Sugar packaging plants from Enmore will be split between Blairmont and Albion facilities as the Guyana Sugar Corporation (GuySuCo) aims to reposition itself as a value added producer, a reliable source told Stabroek News.

Plans are in place for the construction of a state-of-the-art packaging facility at Albion Estate, which will accommodate four packaging plants and will include a plant from the Enmore facility.

According to a reliable source, GuySuCo has already procured three packaging plants from the United Kingdom. These plants are expected to arrive by the end of this year in the country.

The source further informed that with the new plants, sugar will be transferred from the factory straight onto the packaging line.

Of the three plants procured, one will be placed at the Blairmont Packaging Plant while the two others will placed at Albion.

“What we are trying to do is bring up the capacity at Blairmont from producing 9,000 metric tonnes to 15,000 metric tonnes of packaged sugar. So in the expansion, there will be three plants a Blairmont, the one from Enmore, one of the new ones and the one currently there,” the source familiar with the expansion works related.

In an advertisement earlier this month in the Guyana Chronicle, the sugar corporation invited qualified companies to submit bids for the construction of the building to house the packaging plant.

Jobs

The source told Stabroek News that the construction phase for the building that will house the packaging plants, will create at least two hundred jobs.

And in the post-construction period, jobs will be created for approximately 50 persons in the areas of maintenance, machine fitters, and production staff.

Minister of Agriculture, Zulfikar Mustapha, previously told Stabroek News “…This [deal] is with the packaging plant and we were thinking to relocate it to Albion because Albion is the premier estate grinding sugar… I don’t know why people blowing the thing out of proportion… Whatsoever was there [East Demerara Estate] remain in place we didn’t interfere with nothing else.”
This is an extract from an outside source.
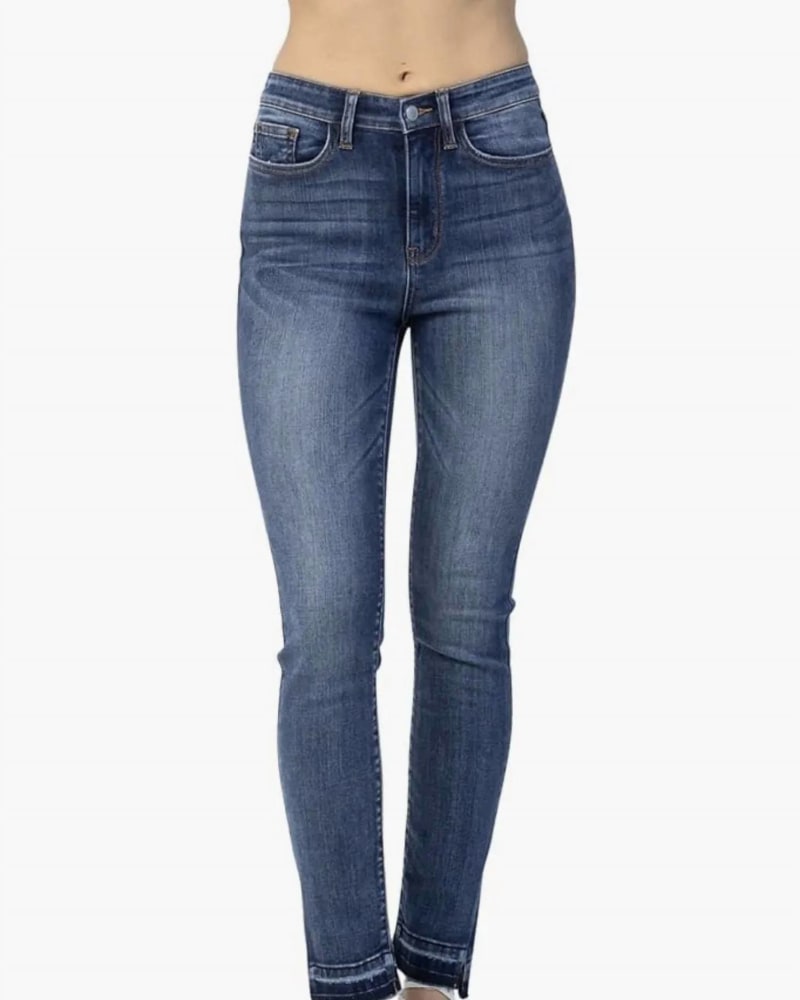 Front of a model wearing a size 24W Winona Released Hem Side Slit Skinnies Jeans In Medium Wash in Medium Wash by Judy Blue. | dia_product_style_image_id:356239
The life of the Enmore packaging plant will come to an end by the last quarter of this year. The plan to lease the building housing the packaging plant to an oil & gas enterprise has prompted questions about the fate of the East Demerara sugar estate and the decision-making of the government and GuySuCo. There had been no prior notification to the public that the building housing the plant would be transformed into a machining shop and major stakeholders such as the sugar union, GAWU were caught by surprise.

Following the signing of a deal between local mechanical manufacturer, Guysons and its United States partner, equipment manufacturer K&B Industries, and government, the public learnt that the packaging plant would be relocated.

The Enmore packaging plant had been built in 2011 at a cost of US$12 million with part-financing from the European Union. It had been played up as a money spinner and a lifeline for the industry.